-- Data to process follows --

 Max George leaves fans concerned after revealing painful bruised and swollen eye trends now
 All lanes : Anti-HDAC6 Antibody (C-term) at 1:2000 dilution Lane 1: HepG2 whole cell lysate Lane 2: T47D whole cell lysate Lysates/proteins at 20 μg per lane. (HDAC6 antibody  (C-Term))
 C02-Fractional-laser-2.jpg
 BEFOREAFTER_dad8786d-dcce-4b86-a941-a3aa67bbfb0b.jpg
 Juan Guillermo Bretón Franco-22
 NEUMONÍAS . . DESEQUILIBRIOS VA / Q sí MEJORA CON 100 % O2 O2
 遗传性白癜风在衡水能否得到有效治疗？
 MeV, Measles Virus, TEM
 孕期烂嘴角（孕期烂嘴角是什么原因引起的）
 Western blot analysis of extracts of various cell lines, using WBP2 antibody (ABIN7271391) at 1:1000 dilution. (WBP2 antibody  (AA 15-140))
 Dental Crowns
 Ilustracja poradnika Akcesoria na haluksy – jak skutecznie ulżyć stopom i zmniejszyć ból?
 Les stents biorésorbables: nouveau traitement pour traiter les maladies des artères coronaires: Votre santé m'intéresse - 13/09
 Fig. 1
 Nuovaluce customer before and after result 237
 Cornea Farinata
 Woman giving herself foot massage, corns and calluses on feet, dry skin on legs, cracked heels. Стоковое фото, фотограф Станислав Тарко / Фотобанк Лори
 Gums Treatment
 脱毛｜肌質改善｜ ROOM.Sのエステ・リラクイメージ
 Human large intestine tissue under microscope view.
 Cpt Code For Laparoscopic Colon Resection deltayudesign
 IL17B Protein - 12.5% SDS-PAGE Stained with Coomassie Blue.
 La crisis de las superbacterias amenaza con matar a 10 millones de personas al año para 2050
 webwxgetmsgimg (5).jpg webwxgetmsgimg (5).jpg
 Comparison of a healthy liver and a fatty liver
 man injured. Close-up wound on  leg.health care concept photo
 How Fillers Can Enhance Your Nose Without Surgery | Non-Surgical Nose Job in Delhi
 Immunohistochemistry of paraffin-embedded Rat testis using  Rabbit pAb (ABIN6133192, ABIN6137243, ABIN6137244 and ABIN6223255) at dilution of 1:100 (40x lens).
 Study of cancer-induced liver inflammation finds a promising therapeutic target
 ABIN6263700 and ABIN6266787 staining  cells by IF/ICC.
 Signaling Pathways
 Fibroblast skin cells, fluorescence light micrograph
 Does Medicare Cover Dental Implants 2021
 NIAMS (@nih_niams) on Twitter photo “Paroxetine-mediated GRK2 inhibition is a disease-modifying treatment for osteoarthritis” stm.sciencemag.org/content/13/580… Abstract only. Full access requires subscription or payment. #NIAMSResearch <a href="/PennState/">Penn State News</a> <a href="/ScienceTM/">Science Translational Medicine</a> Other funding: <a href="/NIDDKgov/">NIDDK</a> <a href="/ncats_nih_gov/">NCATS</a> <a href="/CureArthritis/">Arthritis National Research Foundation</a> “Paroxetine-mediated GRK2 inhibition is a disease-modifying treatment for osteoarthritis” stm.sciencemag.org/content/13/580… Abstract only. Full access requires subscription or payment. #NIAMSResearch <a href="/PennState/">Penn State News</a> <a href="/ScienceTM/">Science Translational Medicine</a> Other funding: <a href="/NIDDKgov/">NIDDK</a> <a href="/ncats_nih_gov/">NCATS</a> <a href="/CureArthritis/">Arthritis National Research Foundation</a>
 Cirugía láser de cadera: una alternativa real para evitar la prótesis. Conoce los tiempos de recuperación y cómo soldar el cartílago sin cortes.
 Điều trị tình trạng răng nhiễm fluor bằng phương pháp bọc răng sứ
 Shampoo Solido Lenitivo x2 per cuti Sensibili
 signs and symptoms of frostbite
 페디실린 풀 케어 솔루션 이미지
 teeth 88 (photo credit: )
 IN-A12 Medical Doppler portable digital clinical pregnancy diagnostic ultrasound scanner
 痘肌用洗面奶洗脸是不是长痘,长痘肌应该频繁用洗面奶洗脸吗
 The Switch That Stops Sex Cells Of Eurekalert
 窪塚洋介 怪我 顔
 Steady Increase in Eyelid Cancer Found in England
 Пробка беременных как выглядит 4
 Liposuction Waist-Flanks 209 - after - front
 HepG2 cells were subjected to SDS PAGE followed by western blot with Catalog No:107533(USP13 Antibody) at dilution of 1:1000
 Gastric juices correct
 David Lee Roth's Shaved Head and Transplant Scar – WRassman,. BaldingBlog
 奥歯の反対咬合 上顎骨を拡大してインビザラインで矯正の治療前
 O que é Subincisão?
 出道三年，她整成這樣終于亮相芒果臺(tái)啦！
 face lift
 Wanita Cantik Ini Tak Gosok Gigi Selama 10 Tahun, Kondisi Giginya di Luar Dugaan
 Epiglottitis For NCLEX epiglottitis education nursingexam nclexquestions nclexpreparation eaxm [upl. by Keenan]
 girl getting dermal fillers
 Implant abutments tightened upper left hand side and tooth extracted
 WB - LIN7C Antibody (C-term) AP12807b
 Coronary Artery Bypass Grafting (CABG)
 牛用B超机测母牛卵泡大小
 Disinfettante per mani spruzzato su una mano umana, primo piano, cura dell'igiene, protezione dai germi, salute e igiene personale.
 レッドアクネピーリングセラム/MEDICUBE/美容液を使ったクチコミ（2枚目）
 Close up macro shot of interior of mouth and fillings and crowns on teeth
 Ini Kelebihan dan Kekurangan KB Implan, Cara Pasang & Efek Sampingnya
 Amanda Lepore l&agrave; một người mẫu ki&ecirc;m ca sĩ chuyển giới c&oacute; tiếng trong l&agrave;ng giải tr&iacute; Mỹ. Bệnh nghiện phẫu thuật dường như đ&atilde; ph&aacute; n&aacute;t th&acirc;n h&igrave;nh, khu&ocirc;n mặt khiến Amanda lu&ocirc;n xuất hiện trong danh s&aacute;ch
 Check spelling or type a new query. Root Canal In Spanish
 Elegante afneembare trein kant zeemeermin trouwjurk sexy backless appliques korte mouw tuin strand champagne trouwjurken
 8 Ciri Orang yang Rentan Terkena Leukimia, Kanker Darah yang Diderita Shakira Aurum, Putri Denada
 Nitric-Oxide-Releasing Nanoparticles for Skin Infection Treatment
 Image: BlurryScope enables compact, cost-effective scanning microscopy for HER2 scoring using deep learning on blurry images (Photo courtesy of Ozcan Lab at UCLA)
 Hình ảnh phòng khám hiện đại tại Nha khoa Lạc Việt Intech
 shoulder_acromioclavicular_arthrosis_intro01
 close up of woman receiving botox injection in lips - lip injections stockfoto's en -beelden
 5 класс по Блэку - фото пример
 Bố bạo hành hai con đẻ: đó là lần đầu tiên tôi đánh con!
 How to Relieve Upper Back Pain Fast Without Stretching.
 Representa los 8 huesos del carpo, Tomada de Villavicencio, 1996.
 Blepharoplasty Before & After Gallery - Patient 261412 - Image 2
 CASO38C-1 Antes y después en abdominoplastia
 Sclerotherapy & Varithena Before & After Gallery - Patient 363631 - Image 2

-- Data to process concluded --

Set every line of the listing down word for word.

 Max George leaves fans concerned after revealing painful bruised and swollen eye trends now
 All lanes : Anti-HDAC6 Antibody (C-term) at 1:2000 dilution Lane 1: HepG2 whole cell lysate Lane 2: T47D whole cell lysate Lysates/proteins at 20 μg per lane. (HDAC6 antibody  (C-Term))
 C02-Fractional-laser-2.jpg
 BEFOREAFTER_dad8786d-dcce-4b86-a941-a3aa67bbfb0b.jpg
 Juan Guillermo Bretón Franco-22
 NEUMONÍAS . . DESEQUILIBRIOS VA / Q sí MEJORA CON 100 % O2 O2
 遗传性白癜风在衡水能否得到有效治疗？
 MeV, Measles Virus, TEM
 孕期烂嘴角（孕期烂嘴角是什么原因引起的）
 Western blot analysis of extracts of various cell lines, using WBP2 antibody (ABIN7271391) at 1:1000 dilution. (WBP2 antibody  (AA 15-140))
 Dental Crowns
 Ilustracja poradnika Akcesoria na haluksy – jak skutecznie ulżyć stopom i zmniejszyć ból?
 Les stents biorésorbables: nouveau traitement pour traiter les maladies des artères coronaires: Votre santé m'intéresse - 13/09
 Fig. 1
 Nuovaluce customer before and after result 237
 Cornea Farinata
 Woman giving herself foot massage, corns and calluses on feet, dry skin on legs, cracked heels. Стоковое фото, фотограф Станислав Тарко / Фотобанк Лори
 Gums Treatment
 脱毛｜肌質改善｜ ROOM.Sのエステ・リラクイメージ
 Human large intestine tissue under microscope view.
 Cpt Code For Laparoscopic Colon Resection deltayudesign
 IL17B Protein - 12.5% SDS-PAGE Stained with Coomassie Blue.
 La crisis de las superbacterias amenaza con matar a 10 millones de personas al año para 2050
 webwxgetmsgimg (5).jpg webwxgetmsgimg (5).jpg
 Comparison of a healthy liver and a fatty liver
 man injured. Close-up wound on  leg.health care concept photo
 How Fillers Can Enhance Your Nose Without Surgery | Non-Surgical Nose Job in Delhi
 Immunohistochemistry of paraffin-embedded Rat testis using  Rabbit pAb (ABIN6133192, ABIN6137243, ABIN6137244 and ABIN6223255) at dilution of 1:100 (40x lens).
 Study of cancer-induced liver inflammation finds a promising therapeutic target
 ABIN6263700 and ABIN6266787 staining  cells by IF/ICC.
 Signaling Pathways
 Fibroblast skin cells, fluorescence light micrograph
 Does Medicare Cover Dental Implants 2021
 NIAMS (@nih_niams) on Twitter photo “Paroxetine-mediated GRK2 inhibition is a disease-modifying treatment for osteoarthritis” stm.sciencemag.org/content/13/580… Abstract only. Full access requires subscription or payment. #NIAMSResearch <a href="/PennState/">Penn State News</a> <a href="/ScienceTM/">Science Translational Medicine</a> Other funding: <a href="/NIDDKgov/">NIDDK</a> <a href="/ncats_nih_gov/">NCATS</a> <a href="/CureArthritis/">Arthritis National Research Foundation</a> “Paroxetine-mediated GRK2 inhibition is a disease-modifying treatment for osteoarthritis” stm.sciencemag.org/content/13/580… Abstract only. Full access requires subscription or payment. #NIAMSResearch <a href="/PennState/">Penn State News</a> <a href="/ScienceTM/">Science Translational Medicine</a> Other funding: <a href="/NIDDKgov/">NIDDK</a> <a href="/ncats_nih_gov/">NCATS</a> <a href="/CureArthritis/">Arthritis National Research Foundation</a>
 Cirugía láser de cadera: una alternativa real para evitar la prótesis. Conoce los tiempos de recuperación y cómo soldar el cartílago sin cortes.
 Điều trị tình trạng răng nhiễm fluor bằng phương pháp bọc răng sứ
 Shampoo Solido Lenitivo x2 per cuti Sensibili
 signs and symptoms of frostbite
 페디실린 풀 케어 솔루션 이미지
 teeth 88 (photo credit: )
 IN-A12 Medical Doppler portable digital clinical pregnancy diagnostic ultrasound scanner
 痘肌用洗面奶洗脸是不是长痘,长痘肌应该频繁用洗面奶洗脸吗
 The Switch That Stops Sex Cells Of Eurekalert
 窪塚洋介 怪我 顔
 Steady Increase in Eyelid Cancer Found in England
 Пробка беременных как выглядит 4
 Liposuction Waist-Flanks 209 - after - front
 HepG2 cells were subjected to SDS PAGE followed by western blot with Catalog No:107533(USP13 Antibody) at dilution of 1:1000
 Gastric juices correct
 David Lee Roth's Shaved Head and Transplant Scar – WRassman,. BaldingBlog
 奥歯の反対咬合 上顎骨を拡大してインビザラインで矯正の治療前
 O que é Subincisão?
 出道三年，她整成這樣終于亮相芒果臺(tái)啦！
 face lift
 Wanita Cantik Ini Tak Gosok Gigi Selama 10 Tahun, Kondisi Giginya di Luar Dugaan
 Epiglottitis For NCLEX epiglottitis education nursingexam nclexquestions nclexpreparation eaxm [upl. by Keenan]
 girl getting dermal fillers
 Implant abutments tightened upper left hand side and tooth extracted
 WB - LIN7C Antibody (C-term) AP12807b
 Coronary Artery Bypass Grafting (CABG)
 牛用B超机测母牛卵泡大小
 Disinfettante per mani spruzzato su una mano umana, primo piano, cura dell'igiene, protezione dai germi, salute e igiene personale.
 レッドアクネピーリングセラム/MEDICUBE/美容液を使ったクチコミ（2枚目）
 Close up macro shot of interior of mouth and fillings and crowns on teeth
 Ini Kelebihan dan Kekurangan KB Implan, Cara Pasang & Efek Sampingnya
 Amanda Lepore l&agrave; một người mẫu ki&ecirc;m ca sĩ chuyển giới c&oacute; tiếng trong l&agrave;ng giải tr&iacute; Mỹ. Bệnh nghiện phẫu thuật dường như đ&atilde; ph&aacute; n&aacute;t th&acirc;n h&igrave;nh, khu&ocirc;n mặt khiến Amanda lu&ocirc;n xuất hiện trong danh s&aacute;ch
 Check spelling or type a new query. Root Canal In Spanish
 Elegante afneembare trein kant zeemeermin trouwjurk sexy backless appliques korte mouw tuin strand champagne trouwjurken
 8 Ciri Orang yang Rentan Terkena Leukimia, Kanker Darah yang Diderita Shakira Aurum, Putri Denada
 Nitric-Oxide-Releasing Nanoparticles for Skin Infection Treatment
 Image: BlurryScope enables compact, cost-effective scanning microscopy for HER2 scoring using deep learning on blurry images (Photo courtesy of Ozcan Lab at UCLA)
 Hình ảnh phòng khám hiện đại tại Nha khoa Lạc Việt Intech
 shoulder_acromioclavicular_arthrosis_intro01
 close up of woman receiving botox injection in lips - lip injections stockfoto's en -beelden
 5 класс по Блэку - фото пример
 Bố bạo hành hai con đẻ: đó là lần đầu tiên tôi đánh con!
 How to Relieve Upper Back Pain Fast Without Stretching.
 Representa los 8 huesos del carpo, Tomada de Villavicencio, 1996.
 Blepharoplasty Before & After Gallery - Patient 261412 - Image 2
 CASO38C-1 Antes y después en abdominoplastia
 Sclerotherapy & Varithena Before & After Gallery - Patient 363631 - Image 2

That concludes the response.